In der visuellen Astronomie waren die Fortschritte nicht so dramatisch, sondern vollzogen sich langsamer und fliessender. Trotzdem ist auch hier natürlich der Trend zu immer grösseren Teleskopen mit besserer optischer Leistung zu beobachten, um immer mehr Details der verschiedenen Himmelsobjekte erkennen zu können. Daneben ist auch hier die Computerisierung zu beobachten, welche es heute ermöglicht, innert kurzer Zeit viele Objekte mit dem Teleskop automatisch anzusteuern und zu beobachten, wogegen früher ein Objekt mittels optischem Sucherteleskop und Sternkarten ausfindig gemacht werden musste.

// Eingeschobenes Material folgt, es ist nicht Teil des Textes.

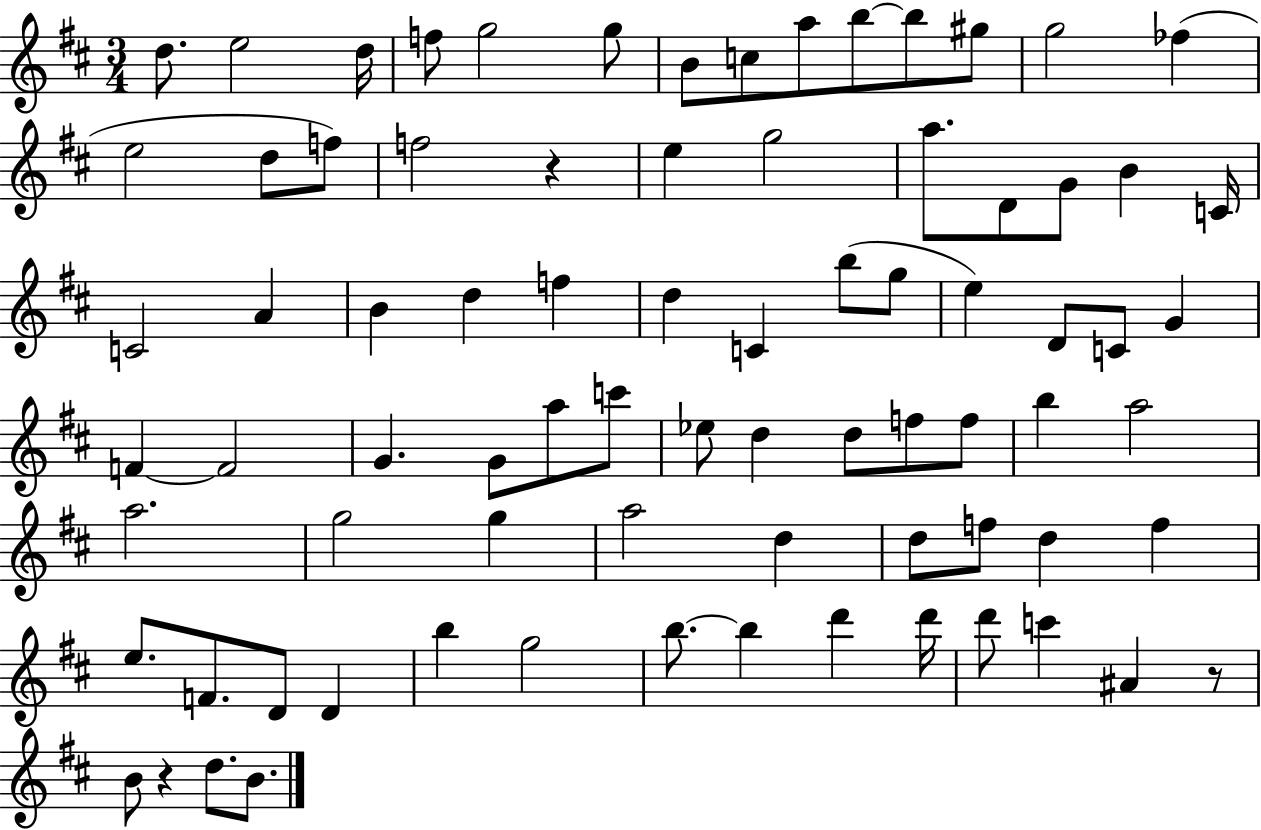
{
  \clef treble
  \numericTimeSignature
  \time 3/4
  \key d \major
  d''8. e''2 d''16 | f''8 g''2 g''8 | b'8 c''8 a''8 b''8~~ b''8 gis''8 | g''2 fes''4( | \break e''2 d''8 f''8) | f''2 r4 | e''4 g''2 | a''8. d'8 g'8 b'4 c'16 | \break c'2 a'4 | b'4 d''4 f''4 | d''4 c'4 b''8( g''8 | e''4) d'8 c'8 g'4 | \break f'4~~ f'2 | g'4. g'8 a''8 c'''8 | ees''8 d''4 d''8 f''8 f''8 | b''4 a''2 | \break a''2. | g''2 g''4 | a''2 d''4 | d''8 f''8 d''4 f''4 | \break e''8. f'8. d'8 d'4 | b''4 g''2 | b''8.~~ b''4 d'''4 d'''16 | d'''8 c'''4 ais'4 r8 | \break b'8 r4 d''8. b'8. | \bar "|."
}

Durch die Digitalisierung geht allerdings auch viel vom Reiz der visuellen Beobachtung verloren. Man muss die Figuren der Sternbilder und deren Wandel durch die Erdrotation, respektive die Bewegung über die Jahreszeiten aufgrund der Umlaufbahn der Erde um die Sonne, nicht mehr kennen und verstehen, sondern kann nur noch «konsumieren». Der visuellen Astronomie sind allerdings mehr Grenzen gesetzt als der fotografischen. Zum einen steht am Ende immer unser Auge, das an sich ein absolut faszinierendes Wunder der Natur ist, aber eben auch seine Grenzen hat. Und daneben stellen die atmosphärischen Limiten in der visuellen Astronomie mehr Probleme dar als in der Fotografie, wo mittels diverser Tricks der Atmosphäre ein Schnippchen geschlagen werden kann.

Marcel Süssli mit einem Teil seiner Ausrüstung für die Astrofotografie-Aufnahmen (Foto: Marcel Süssli).
Marcel Süssli mit einem Teil seiner Ausrüstung für die Astrofotografie-Aufnahmen (Foto: Marcel Süssli).

Dueblin: Wann haben Sie sich das erste Mal mit den Sternen auseinandergesetzt? Wie kam es zum Entscheid, einen grossen Teil Ihrer Freizeit und erhebliche finanzielle Ressourcen für die Astrofotografie zu verwenden?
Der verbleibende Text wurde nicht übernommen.